Chulilla es un pueblo muy
bonito. De los más pintorescos de la Comunidad Valenciana. Situado en una de
las dos muelas que el rio Turia ha horadado, su caserío se recuesta mansamente
sobre la escarpada ladera de una de ellas. Las ruinas de un castillo, ahora
restauradas, lo coronan. Bosques de pinos, ya escasos porque hace veinte años un incendio
los devastó, adornan las laderas de los otros montes. Al fondo del pueblo, las riberas
del río son huertas donde hortalizas y árboles frutales son cultivados con mimo
por los laboriosos chulillanos.
Allí, varios restaurantes y
bares te sirven siempre una buena comida. Su carne de cordero y sus embutidos
son estupendos. Sus paisajes te ensanchan el corazón y cuando yo era un sacerdote
más joven, acompañaba a mis grupos juveniles en aquellos bellísimos parajes.
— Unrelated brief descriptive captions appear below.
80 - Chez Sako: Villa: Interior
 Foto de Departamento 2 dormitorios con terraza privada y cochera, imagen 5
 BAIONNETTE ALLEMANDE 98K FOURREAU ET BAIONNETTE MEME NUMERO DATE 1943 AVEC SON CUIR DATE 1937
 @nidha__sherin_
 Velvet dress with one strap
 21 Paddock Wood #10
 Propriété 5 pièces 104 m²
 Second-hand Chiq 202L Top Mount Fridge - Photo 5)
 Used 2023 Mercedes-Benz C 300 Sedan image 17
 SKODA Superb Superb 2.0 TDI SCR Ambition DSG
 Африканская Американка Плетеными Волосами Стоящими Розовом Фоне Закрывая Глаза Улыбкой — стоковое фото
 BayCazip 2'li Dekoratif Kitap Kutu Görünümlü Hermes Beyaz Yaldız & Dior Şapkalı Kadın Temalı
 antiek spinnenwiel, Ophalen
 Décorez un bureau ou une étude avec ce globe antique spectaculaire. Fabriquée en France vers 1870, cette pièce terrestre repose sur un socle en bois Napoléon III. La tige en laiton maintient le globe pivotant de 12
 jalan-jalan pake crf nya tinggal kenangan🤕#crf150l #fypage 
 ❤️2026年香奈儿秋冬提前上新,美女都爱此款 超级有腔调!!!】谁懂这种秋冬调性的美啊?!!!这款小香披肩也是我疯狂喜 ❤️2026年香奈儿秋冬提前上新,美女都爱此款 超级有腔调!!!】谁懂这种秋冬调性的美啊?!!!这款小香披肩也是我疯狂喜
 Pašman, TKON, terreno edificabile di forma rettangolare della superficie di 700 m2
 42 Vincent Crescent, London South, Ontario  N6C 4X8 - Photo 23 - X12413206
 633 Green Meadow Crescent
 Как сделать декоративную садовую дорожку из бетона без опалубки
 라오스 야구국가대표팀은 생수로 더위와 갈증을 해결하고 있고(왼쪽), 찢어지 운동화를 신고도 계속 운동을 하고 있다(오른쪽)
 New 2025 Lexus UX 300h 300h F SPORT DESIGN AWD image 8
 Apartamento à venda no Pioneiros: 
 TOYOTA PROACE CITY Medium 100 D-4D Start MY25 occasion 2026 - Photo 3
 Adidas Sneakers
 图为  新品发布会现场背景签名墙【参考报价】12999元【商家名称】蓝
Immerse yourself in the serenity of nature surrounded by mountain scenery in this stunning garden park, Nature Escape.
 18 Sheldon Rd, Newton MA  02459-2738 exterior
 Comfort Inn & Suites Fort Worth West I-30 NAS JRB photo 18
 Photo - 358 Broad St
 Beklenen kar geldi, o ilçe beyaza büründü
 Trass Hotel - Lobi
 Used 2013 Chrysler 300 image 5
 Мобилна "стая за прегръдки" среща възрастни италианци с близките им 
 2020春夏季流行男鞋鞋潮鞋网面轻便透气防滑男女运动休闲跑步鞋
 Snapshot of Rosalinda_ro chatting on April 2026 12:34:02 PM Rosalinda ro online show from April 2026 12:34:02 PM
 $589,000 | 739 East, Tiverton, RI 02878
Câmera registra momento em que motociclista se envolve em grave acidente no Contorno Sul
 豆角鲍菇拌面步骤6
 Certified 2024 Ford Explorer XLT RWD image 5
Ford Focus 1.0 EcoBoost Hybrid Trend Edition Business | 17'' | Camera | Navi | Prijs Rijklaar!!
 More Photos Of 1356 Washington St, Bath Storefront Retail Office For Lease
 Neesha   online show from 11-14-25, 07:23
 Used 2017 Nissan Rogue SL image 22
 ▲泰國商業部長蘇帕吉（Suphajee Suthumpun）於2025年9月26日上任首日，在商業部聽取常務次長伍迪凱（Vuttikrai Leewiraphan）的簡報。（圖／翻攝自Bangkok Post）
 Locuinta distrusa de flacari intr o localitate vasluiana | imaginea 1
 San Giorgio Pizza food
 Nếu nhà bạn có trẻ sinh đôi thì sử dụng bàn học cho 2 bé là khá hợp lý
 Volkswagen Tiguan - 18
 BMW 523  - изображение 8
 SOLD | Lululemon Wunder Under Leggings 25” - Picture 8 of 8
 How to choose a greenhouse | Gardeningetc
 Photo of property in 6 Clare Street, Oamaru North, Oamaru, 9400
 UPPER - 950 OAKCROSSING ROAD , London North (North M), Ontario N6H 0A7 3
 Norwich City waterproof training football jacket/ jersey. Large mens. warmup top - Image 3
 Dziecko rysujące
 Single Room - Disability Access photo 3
Aun no estaba prohibido hacer “vivac” y dormíamos a la intemperie, para, por la
mañana y muy temprano, hacer camino desde los eucaliptos del Balneario hasta
llegar a la Peña María de Gestalgar y Bugarra o llegarse hasta Pedralba. Lo recuerdo
muy bien, aquellas largas caminatas nos fortalecían el cuerpo y el alma.
Hoy, ahora, están ardiendo. Ante
la impotencia de todos. Yo diría ante el desinterés de algunos que pudiendo
poner medios y prevenir no se enteran o no quieren hacer nada. Los locos
pirómanos no desaparecerán nunca, pero o los ayuntamientos o gobiernos o la
fuerzas sociales tienen un claro deber de preveer y prevenir estas catástrofes
Ahora, junto a las cenizas, no nos queda más que llorar.